In her latest book, best-selling author Liane Moriarty ponders the question: If you found a letter from your husband to be opened only in the event of their death, would you open it?
Here, the international literary sensation shares her inspiration behind the devilishly suspenseful storylines that readers will ponder well after they’ve turned the last page.
SheKnows AU: How did you get your start as a writer?
Liane Moriarty: About 10 years ago, I got a phone call that would change my life. It was my sister calling to tell me that her young adult novel, Feeling Sorry For Celia,had been accepted for publication. My sister and I had always wanted to be authors. When we were children, our dad would commission us to write novels for him. At the time of my sister’s phone call, I was working as a freelance advertising copywriter, writing everything from websites to TV commercials. Although I occasionally wrote short stories and first chapters of novels that didn’t go any further, I’d let my childhood dream slide.
SK AU: So that phone call from your sister was a bit of a wake-up call?
LM: My sister’s news was the inspiration I needed to get me back to the keyboard! In a fever of sibling rivalry I wrote a children’s book, which was enthusiastically rejected by every publisher in Australia. I calmed down, and two years later, my first novel, Three Wishes,was published around the world.
Talent runs in the family! Q&A with Liane’s younger sister, author Nicola Moriarty >>
SK AU: How many books have you written?
LM: My fifth novel has just gone to print, and I have also written three books for children.
SK AU: What is your latest book, The Husband’s Secret, all about?

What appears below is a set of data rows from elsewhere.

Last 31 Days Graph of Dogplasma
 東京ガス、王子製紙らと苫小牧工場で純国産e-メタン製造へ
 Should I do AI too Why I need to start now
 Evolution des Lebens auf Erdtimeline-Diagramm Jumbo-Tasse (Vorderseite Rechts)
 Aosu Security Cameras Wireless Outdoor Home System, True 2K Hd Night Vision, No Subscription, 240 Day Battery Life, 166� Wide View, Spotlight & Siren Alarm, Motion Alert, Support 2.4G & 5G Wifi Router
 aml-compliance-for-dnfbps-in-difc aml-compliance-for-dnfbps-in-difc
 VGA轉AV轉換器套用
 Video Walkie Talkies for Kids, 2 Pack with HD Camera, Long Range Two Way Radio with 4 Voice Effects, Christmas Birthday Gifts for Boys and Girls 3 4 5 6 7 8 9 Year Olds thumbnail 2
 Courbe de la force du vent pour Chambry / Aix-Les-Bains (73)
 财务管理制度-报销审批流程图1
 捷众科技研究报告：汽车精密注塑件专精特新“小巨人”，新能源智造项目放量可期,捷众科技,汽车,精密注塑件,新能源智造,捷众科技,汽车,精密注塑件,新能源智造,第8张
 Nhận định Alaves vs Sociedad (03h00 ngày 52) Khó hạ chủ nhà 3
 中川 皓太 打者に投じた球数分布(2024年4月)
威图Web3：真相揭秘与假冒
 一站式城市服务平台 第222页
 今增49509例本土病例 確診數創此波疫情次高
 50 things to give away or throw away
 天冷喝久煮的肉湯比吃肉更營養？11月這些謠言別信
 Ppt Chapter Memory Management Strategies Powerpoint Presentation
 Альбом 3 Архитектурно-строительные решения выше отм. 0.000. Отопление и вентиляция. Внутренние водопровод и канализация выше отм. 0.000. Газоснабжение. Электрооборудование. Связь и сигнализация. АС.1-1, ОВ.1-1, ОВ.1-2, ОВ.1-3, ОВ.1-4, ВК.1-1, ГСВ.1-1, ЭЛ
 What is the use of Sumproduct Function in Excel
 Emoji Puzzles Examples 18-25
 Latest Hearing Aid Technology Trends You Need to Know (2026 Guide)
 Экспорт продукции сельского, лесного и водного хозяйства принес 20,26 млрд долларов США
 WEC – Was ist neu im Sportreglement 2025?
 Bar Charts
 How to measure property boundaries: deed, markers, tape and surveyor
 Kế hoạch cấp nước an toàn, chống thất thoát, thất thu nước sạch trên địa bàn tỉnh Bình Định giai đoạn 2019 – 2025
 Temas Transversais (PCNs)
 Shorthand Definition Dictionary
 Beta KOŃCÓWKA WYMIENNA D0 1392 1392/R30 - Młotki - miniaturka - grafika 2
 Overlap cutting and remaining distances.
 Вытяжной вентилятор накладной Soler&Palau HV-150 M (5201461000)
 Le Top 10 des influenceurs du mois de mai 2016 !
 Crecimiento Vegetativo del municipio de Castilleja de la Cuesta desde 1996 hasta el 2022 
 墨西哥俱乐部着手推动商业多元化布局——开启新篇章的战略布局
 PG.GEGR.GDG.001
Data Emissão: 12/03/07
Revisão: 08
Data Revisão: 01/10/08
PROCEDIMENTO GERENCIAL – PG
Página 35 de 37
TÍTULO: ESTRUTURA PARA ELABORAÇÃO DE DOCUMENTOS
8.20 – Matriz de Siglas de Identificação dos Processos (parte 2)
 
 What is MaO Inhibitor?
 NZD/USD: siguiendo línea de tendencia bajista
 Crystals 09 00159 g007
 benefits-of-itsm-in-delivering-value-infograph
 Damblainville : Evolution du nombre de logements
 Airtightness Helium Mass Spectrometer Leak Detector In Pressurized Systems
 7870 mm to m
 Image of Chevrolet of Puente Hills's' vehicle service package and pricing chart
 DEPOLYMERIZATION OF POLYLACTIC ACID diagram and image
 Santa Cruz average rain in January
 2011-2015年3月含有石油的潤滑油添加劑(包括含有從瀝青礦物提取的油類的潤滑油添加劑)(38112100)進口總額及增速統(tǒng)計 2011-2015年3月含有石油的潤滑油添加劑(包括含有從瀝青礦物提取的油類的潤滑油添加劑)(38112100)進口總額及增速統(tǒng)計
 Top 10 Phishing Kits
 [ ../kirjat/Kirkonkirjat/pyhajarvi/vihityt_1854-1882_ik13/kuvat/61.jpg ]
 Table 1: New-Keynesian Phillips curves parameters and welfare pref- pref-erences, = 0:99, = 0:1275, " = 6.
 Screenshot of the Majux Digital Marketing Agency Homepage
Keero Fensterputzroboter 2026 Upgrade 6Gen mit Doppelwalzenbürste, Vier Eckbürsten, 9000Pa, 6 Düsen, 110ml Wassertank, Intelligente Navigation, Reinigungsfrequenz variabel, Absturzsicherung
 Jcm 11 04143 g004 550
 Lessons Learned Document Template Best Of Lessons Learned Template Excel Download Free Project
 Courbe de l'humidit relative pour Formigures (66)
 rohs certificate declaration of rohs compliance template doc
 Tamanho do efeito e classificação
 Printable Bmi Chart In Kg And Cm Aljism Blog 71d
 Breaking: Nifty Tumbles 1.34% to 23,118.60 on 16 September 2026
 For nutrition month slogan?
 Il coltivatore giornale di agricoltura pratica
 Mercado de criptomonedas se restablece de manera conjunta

LM: It’s about a woman who finds a letter from her husband to be opened in the event of his death. The only problem is that her husband is very much alive. Should she open it? Of course, she does — and the consequences are catastrophic. It’s called The Husband’s Secret.
SK AU: How did you get your literary “big break”?
LM: I guess it was by sending my manuscript to Fiona Inglis at Curtis Brown Australia; she agreed to represent me and sold my first novel, Three Wishes, to Pan Macmillan Australia.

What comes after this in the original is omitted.